There was a baseball game played between the Miami Marlins and the New York Mets last night at Citi Field, but I can assure you the sold-out crowd didn’t show up to watch two mediocre teams play the second-to-last game of the season.
The fans showed up to bid adieu to their captain, because for so many fans, for so many years, David Wright was the Mets. The lone bright spot during losing seasons, the catalyst behind thrilling playoff runs, and an amazing teammate and ambassador for the game of baseball.
Health robbed the greatest position player in franchise history of a chance for immortality in Cooperstown, but Mets fans made it clear Saturday night that they’ll never forget Wright’s immense contributions to the franchise. And honestly, how could they? Will we ever get tired of watching that catch? Or the World Series home run? Because if we do, there’s an entire career’s worth of legendary, legacy-defining moments that Wright left us with. If that’s not enough, he’ll even walk away as the franchise leader in hits, doubles, RBI and extra-base hits.
Good baseball players (and all professional athletes in general), whether they like it or not, become role models for the next generation of the game. They’re thrust into a role of leadership at a young age solely because of their athletic abilities, an unfair proposition no matter which way you slice it. Some take the responsibility seriously, some don’t and some even use their platform to do some absolutely incredible things. David Wright took that responsibility seriously and used his platform to inspire real change in the community, yet somehow that still doesn’t even begin to describe the type of human being he is.
His body betrayed him time and time again, as did ownership and the front office, but Wright’s ninth baseball life allowed him to go out on his terms. The Mets only found him two plate appearances in his last ever game — he went 0-for-1 with a walk — but David looked as happy as he ever has after he was lifted from the game. We all would’ve liked to see him play semi-regularly in September, or even for a couple of more innings on Saturday, but Wright seemed genuinely elated with how his career ended. How many athletes can say that?
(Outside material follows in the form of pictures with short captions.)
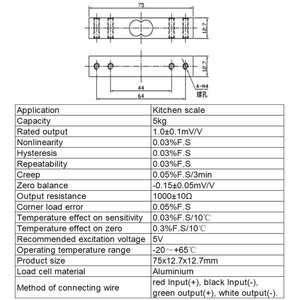 เซ็นเซอร์วัดน้ำหนัก ShangHJ รุ่น HX711 ADC โมดูล S Beam สำหรับ Arduino DIY เครื่องชั่งน้ำหนัก - Product Image 3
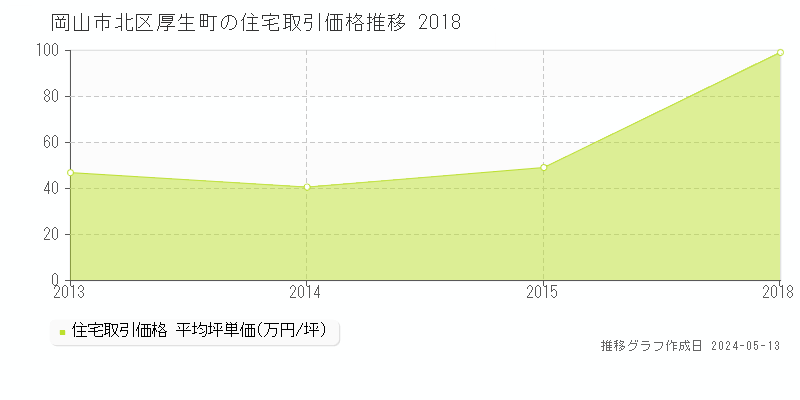 岡山市北区厚生町の住宅価格推移グラフ 
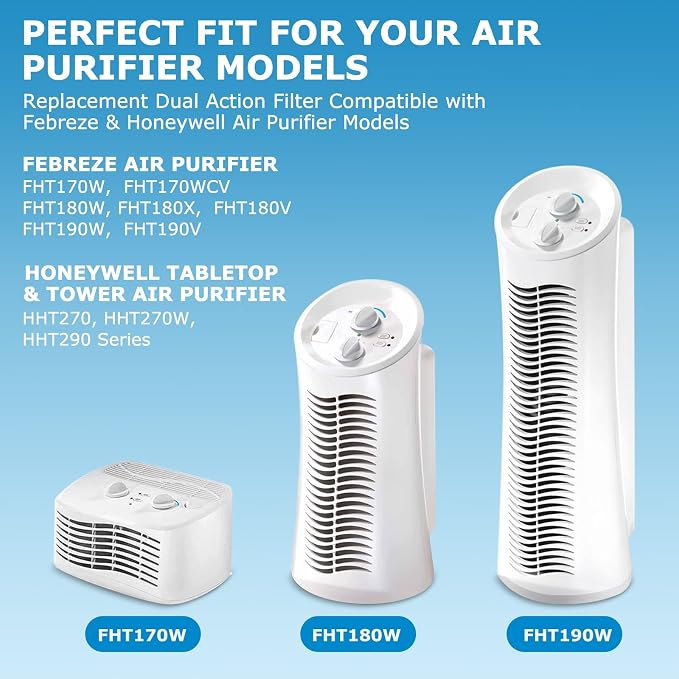 2 Pack FRF102B Replacement Filter - Image 2
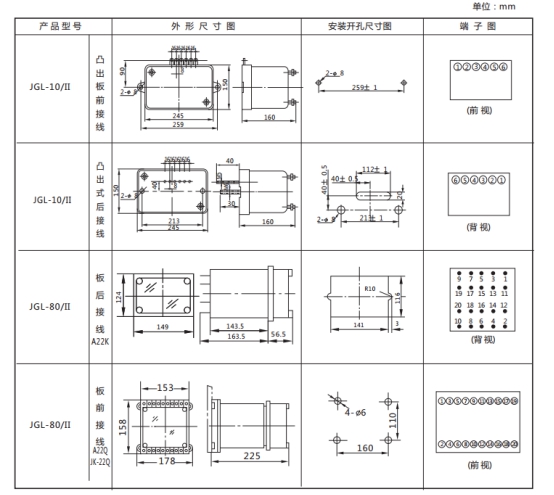 JGL-15/Ⅱ二相静态反时限过流继电器外形结构及安装开孔尺寸图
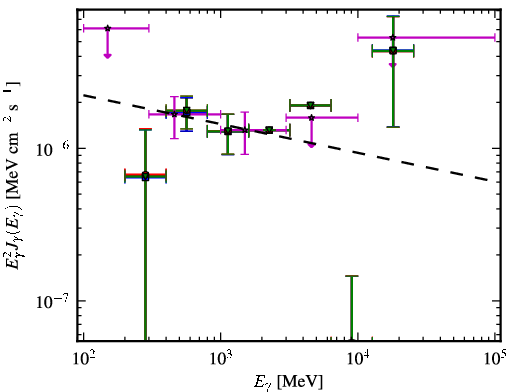 Spectra for 1FGL_J0818.0-0938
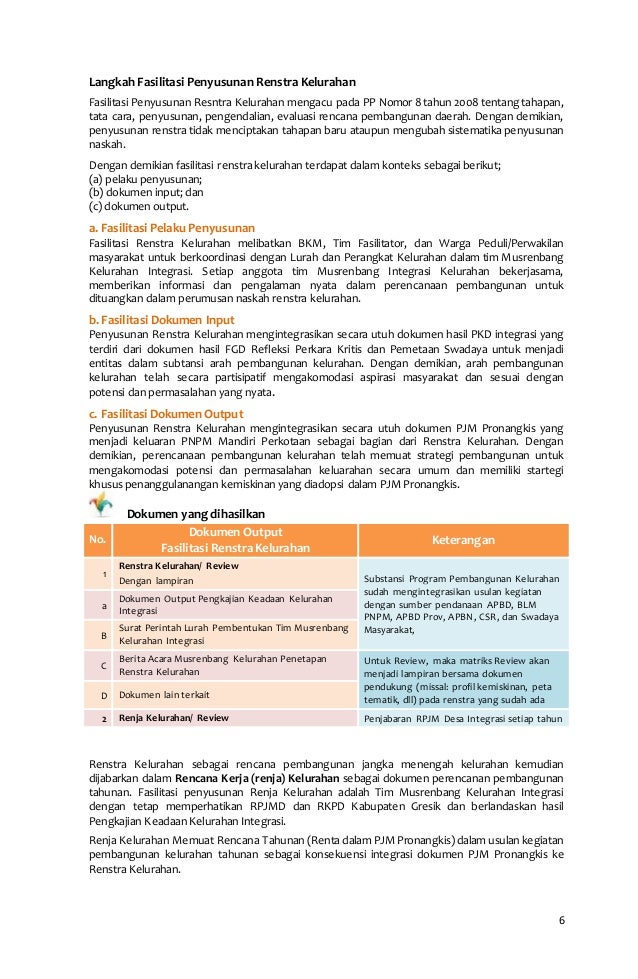 Pedoman Musrenbang Integrasi Desa/Kelurahan - Bappeda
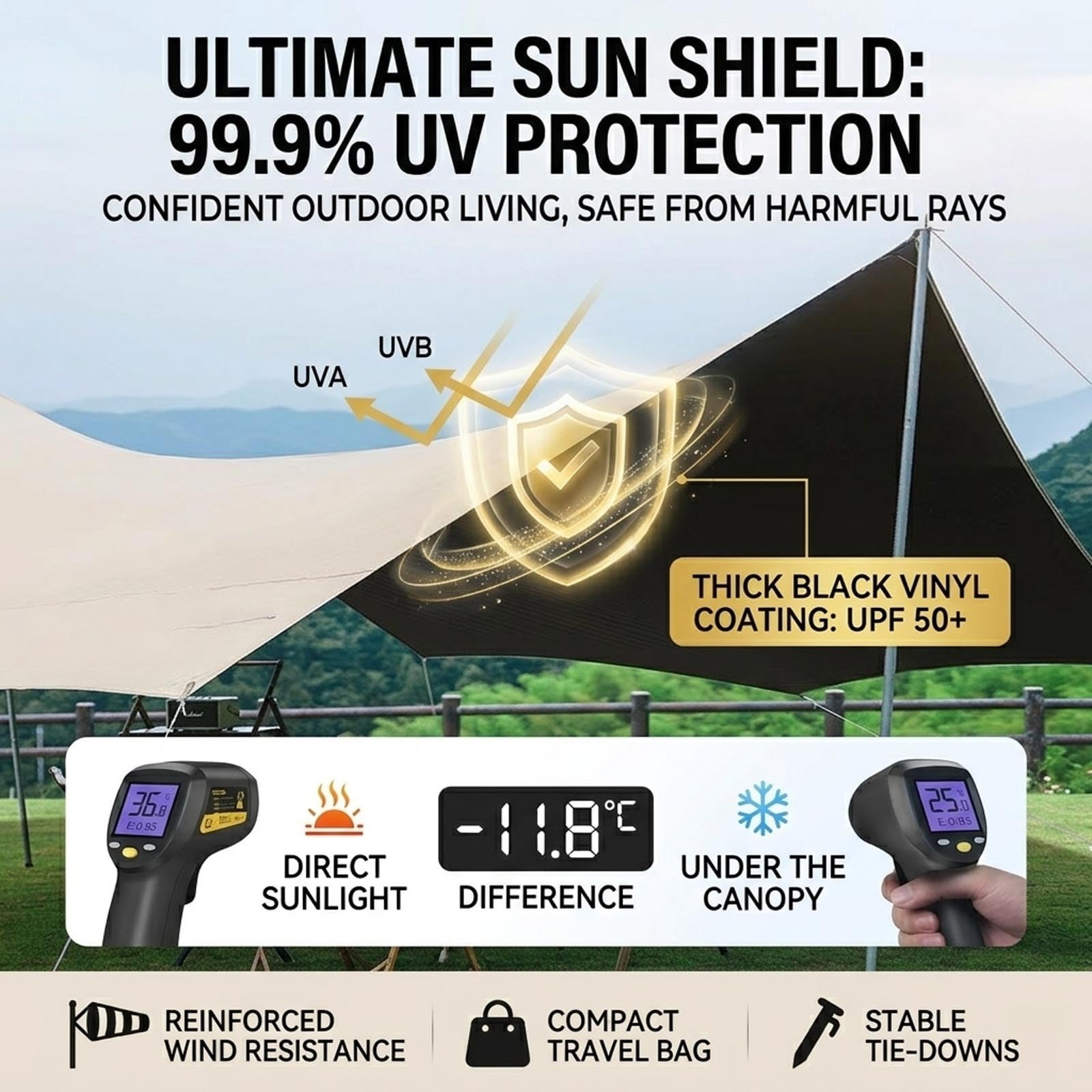 Tende Parasole Mare, Tarp Esterno Impermeabile, 4.4x4.5/4.4x5.6m Telo Campeggio Portatile Antipioggia Per Trekking E Protezione Solare Con 2 Pali(Gold,560x440cm)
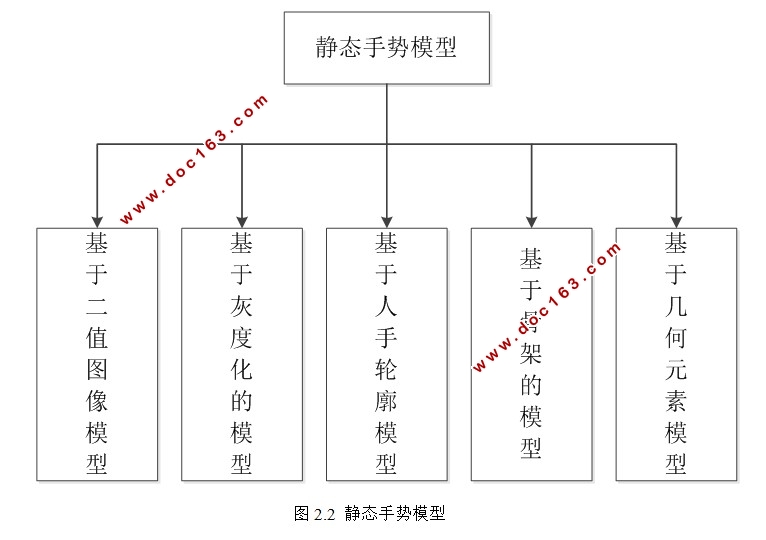 静态手势数字的识别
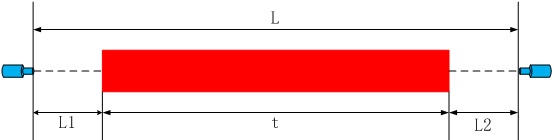 钢胚定长检测(图2)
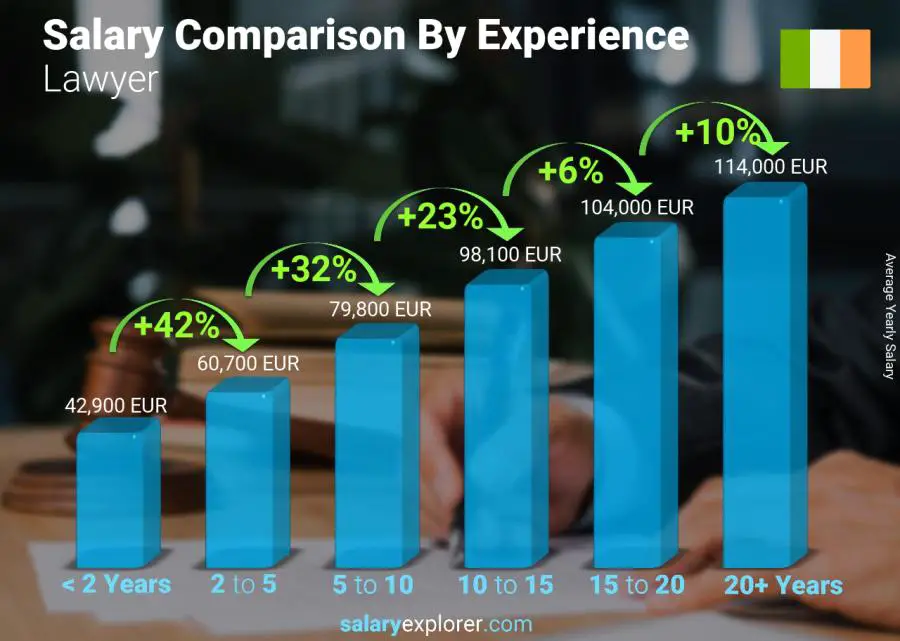 Salary comparison by years of experience yearly Ireland Lawyer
Saying goodbye to some of the best things in our life is, unfortunately, a part of the human experience. We get to know people and become familiar with them, only for them to leave us in one capacity or another. The end of David Wright’s baseball career is the end of many of our childhoods. Waving him into the sunset hasn’t been easy for us because he’s all we’ve ever known as Mets fans. The impact he’s had on many of our lives transcends his baseball ability. When David walked into the Citi Field dugout for the final time, it hit us all. What is our Mets fandom without him?